There are more retirees with more money than ever before. All of that money is looking for a home and for a decent ‘ROI’ in order to give retirees a decent income in their retirement funds.
The biggest economic engine in the history of the world is coming out of a major downturn, and its major corporations are mostly making record profits. Employment never recovers as a downturn ends and always lags, so the current unemployment figures are not necessarily anything to be concerned about.
Mr Market has a remarkable track record of doing the exact opposite of what the majority is saying is about to happen. When fear is at its highest, the opportunity to create wealth for the investor is greatest.
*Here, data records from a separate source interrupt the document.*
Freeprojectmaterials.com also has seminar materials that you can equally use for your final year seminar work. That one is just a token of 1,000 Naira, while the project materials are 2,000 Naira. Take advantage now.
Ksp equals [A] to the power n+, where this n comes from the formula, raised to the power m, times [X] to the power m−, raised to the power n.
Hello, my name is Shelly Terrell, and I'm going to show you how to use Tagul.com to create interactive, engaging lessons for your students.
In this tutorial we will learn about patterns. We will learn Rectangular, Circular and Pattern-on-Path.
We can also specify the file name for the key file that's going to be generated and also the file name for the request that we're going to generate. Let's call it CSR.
There are more middle class consumers in the world currently than ever before, and more new middle class people, with more spending power, are being created every single day, than in the entire history of the world. This money is always searching for a home, whether it be spending on life’s improvements, or investing in stocks.
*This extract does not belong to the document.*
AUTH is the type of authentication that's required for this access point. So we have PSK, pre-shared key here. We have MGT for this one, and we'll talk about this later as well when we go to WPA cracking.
A Conundrum That Illustrates the Point
The media is fixated on the federal debt ceiling and possibility of a U.S. default or credit downgrade. Yet this very fixation seems to have actually increased demand for government bonds. The ten-year yield fell from 3.2% in early July to just 2.6% recently. Why, one might ask, do so many people want to lend their money to a government whose own leaders were preparing for imminent financial doom?
The answer is obvious. The world does not believe in financial doom. They are heading for the tried and true ‘safety’. This political firefight between political forces in the USA is a buying opportunity and to hide in fear is to miss one of those great opportunities. I remind readers of the meltdown in the stock market in October 2008 and March 2009. Those that sold, sold in fear, and lost the most. The market bounced back in quite a dramatic fashion, and stocks moved upwards in a dramatic and sustained fashion.
The USA Debt Ceiling
One final remark – As forces battling for position in the USA swirl around us, be not confused by what is happening. This is like a “cleansing”. The USA desperately needs to adjust its thinking. Spending must be brought under control and the debt must be reduced. In the alternative, interest on the debt will cause the same effect as it has on every other heavily indebted nation.
This highly publicized battle is changing the direction of thinking in Washington. A consensus is developing over reducing the debt, and the fight is only about how to do it and how quickly. THIS IS GOOD AND IS WHERE THE USA HAS TO GO.
The views expressed in this blog are opinions only and are not investment advice. Persons investing should seek the advice of a licensed professional to guide them and should not rely on the opinions expressed herein. This blog is not a solicitation for investment and we do not accept unsolicited investment funds.